Mi habitación, esa que compartía con mi hermana, ha dejado de ser mía. Le eché un último vistazo, y comprobé que aquel cuarto vacío, sin muebles ni personalidad, ya no tenía nada que ver con nosotras. Las paredes eran las mismas, pero el espíritu ya no existía.
Hacía ya tiempo que de esa cocina no salían olores a guisos, pero no hacía falta. El olor de todas aquellas comidas quedó para siempre en mi memoria, y bastaba con echar un vistazo a aquella cocina para salivar recordándolo.
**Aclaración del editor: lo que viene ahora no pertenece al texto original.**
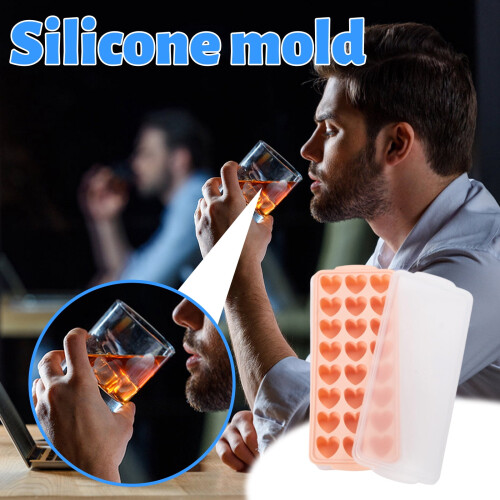 Moule à glaçons en silicone en forme de cœur avec couvercle vert 2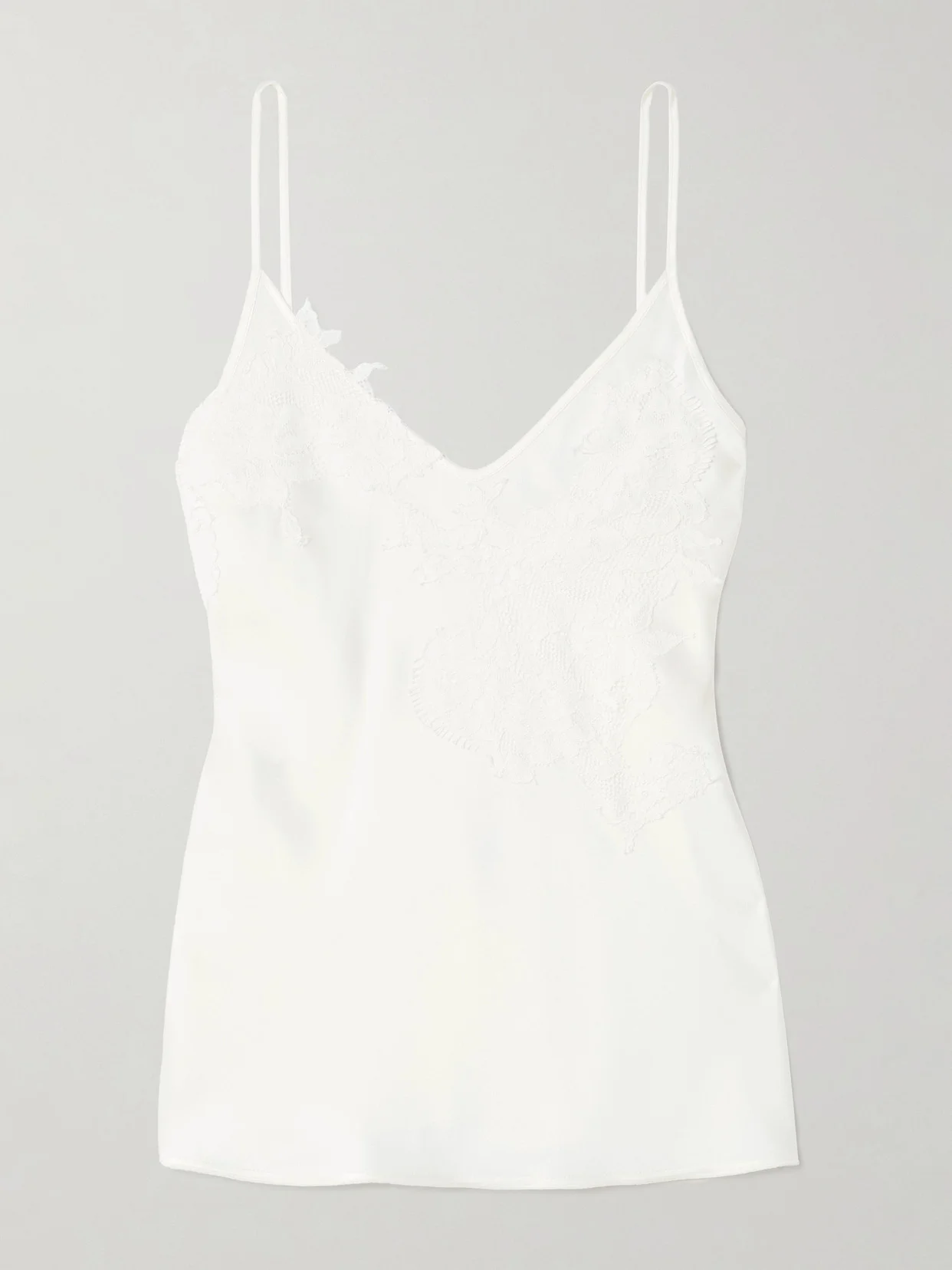 Lace-trimmed Satin-crepe Camisole - 1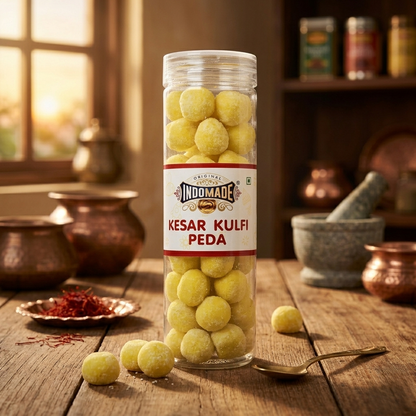 Indomade Kesar Kulfi Peda 250 g – Traditionelle indische Milchkonfekt-Spezialität mit Safran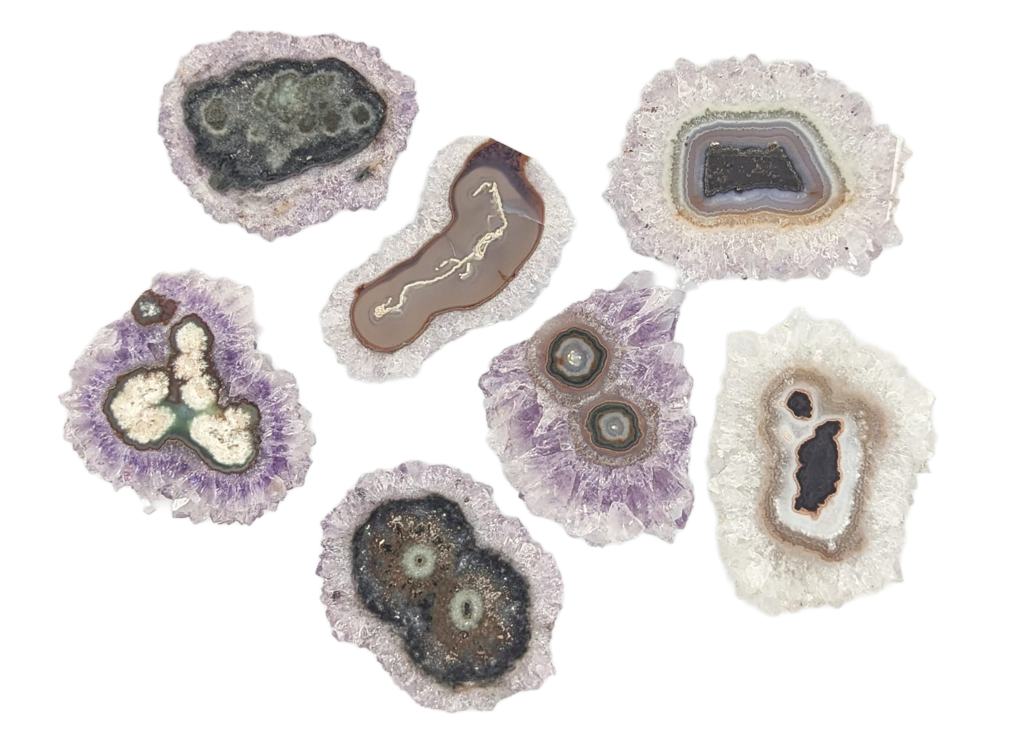 Amethyst Stalactite Slices - 7 pcs lot Amethyst Stalactite Slices - 7 pcs lot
Ya no habrá más Navidades ni fiestas de Reyes alrededor de la mesa, ya no volveré a poner el árbol de Navidad ni el belén, ni aquel adorno que decía “paz en esta casa”, que hice cuando aún no había cumplido cinco años y que mi madre seguía colocando en la pared año tras año.
Se acabó. Lloré al echarle el último vistazo, aunque aquella casa ya no era mi casa. Sin los muebles, sin sus cuadros, sin los platos decorativos colgados de las paredes ni los retratos de mis abuelos, sin los marcos con fotografías de cada momento importante de nuestras vidas, esas cuatro paredes han dejado de ser un hogar para convertirse en lo que fueron antes de que, hace mucho más de medio siglo, mi familia se instalara en ella.
Seguiré pasando por esa calle que siempre será mi calle, en ese barrio que siempre será mi barrio, pero esa casa ya no será mi casa, sino la casa de otras personas.
Pero mi casa vivirá por siempre en mi memoria y en mis recuerdos. Esbozaré una sonrisa cada vez que pase por aquel portal porque allí arriba está el lugar donde fui inmensamente feliz. Y donde seguiré siéndolo siempre en mis recuerdos. Porque esos sí que se quedan para siempre.